## DATA RECORDS
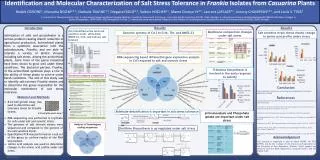 A 24-well growth assay was used to determine salt tolerance levels for Frankia strains.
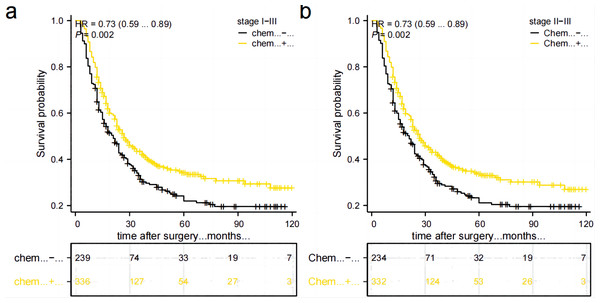 Comparison of survival curves between patients who received postoperative chemotherapy and those who did not.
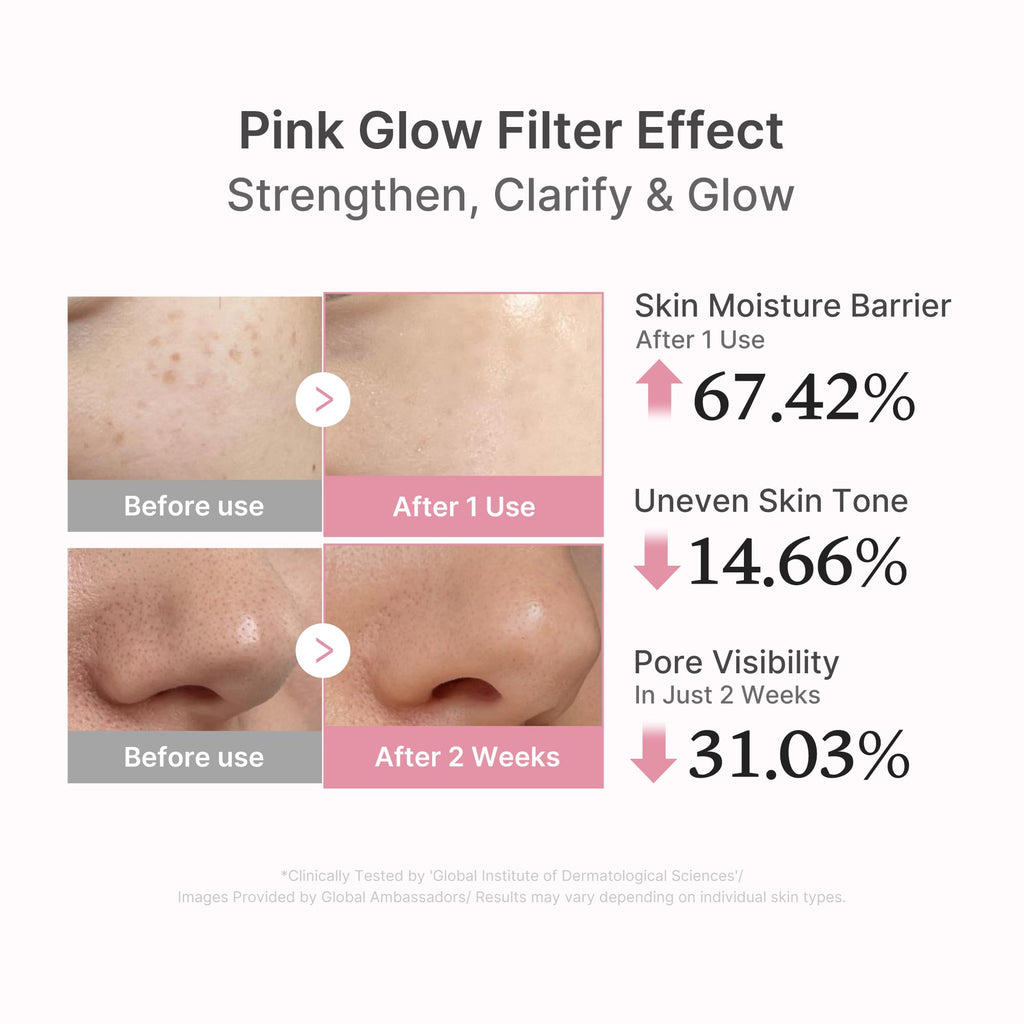 PDRN Pink Peptide Serum Y1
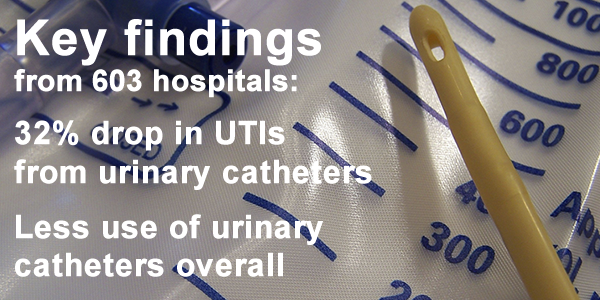 What will it take to protect hospital patients from UTIs? National effort shows promise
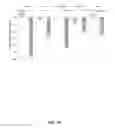 Fig. 53 - ASSAYS AND METHODS FOR SELECTING A TREATMENT REGIMEN FOR A SUBJECT WITH DEPRESSION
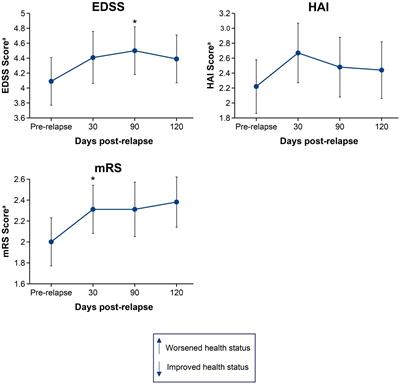 A single relapse induces worsening of disability and health-related quality of life in patients with neuromyelitis optica spectrum disorder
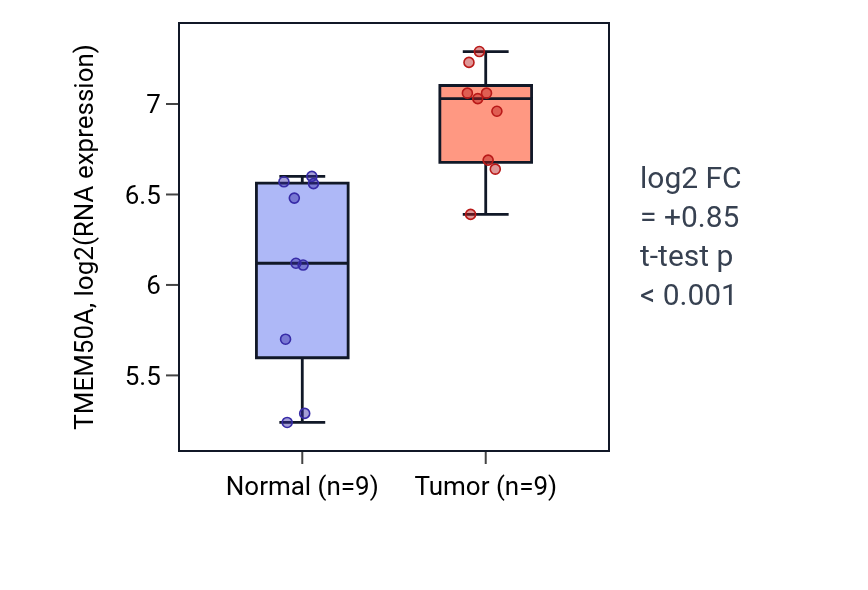 Tumor-vs-normal expression box plot for TMEM50A in HNSC.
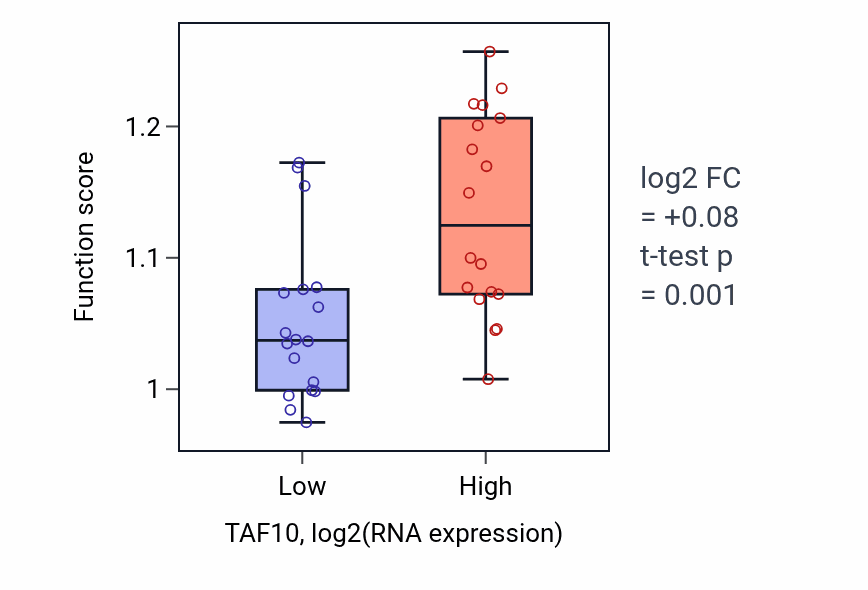Box plot of Protein to membrane docking in TAF10-low vs TAF10-high samples in URINARY_TRACT.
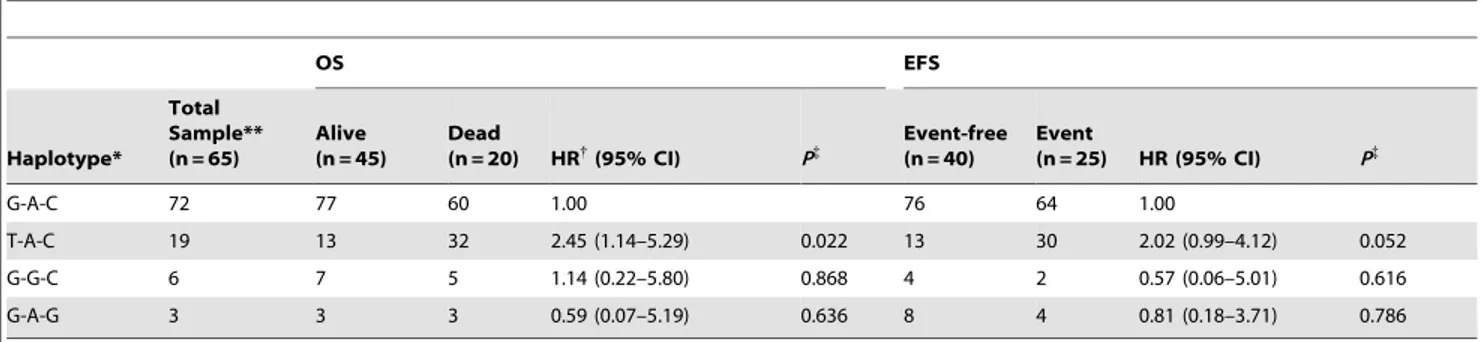 Figure 1. Overall survival probabilities according to CaSR gene haplotypes. Overall survival probabilities of patients diagnosed with (A) neuroblastic tumors or (B) neuroblastomas according to CaSR gene haplotype at loci rs1801725, rs1042636 and rs1801726.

## TO DO
An exact restatement of the lines from the one holding "Fig. 53 - ASSAYS" through the end of the entries, both ends included, is the whole answer. Pictures stay out.

## OUTPUT FOR THIS EXERCISE
 Fig. 53 - ASSAYS AND METHODS FOR SELECTING A TREATMENT REGIMEN FOR A SUBJECT WITH DEPRESSION
 A single relapse induces worsening of disability and health-related quality of life in patients with neuromyelitis optica spectrum disorder
 Tumor-vs-normal expression box plot for TMEM50A in HNSC.
Box plot of Protein to membrane docking in TAF10-low vs TAF10-high samples in URINARY_TRACT.
 Figure 1. Overall survival probabilities according to CaSR gene haplotypes. Overall survival probabilities of patients diagnosed with (A) neuroblastic tumors or (B) neuroblastomas according to CaSR gene haplotype at loci rs1801725, rs1042636 and rs1801726.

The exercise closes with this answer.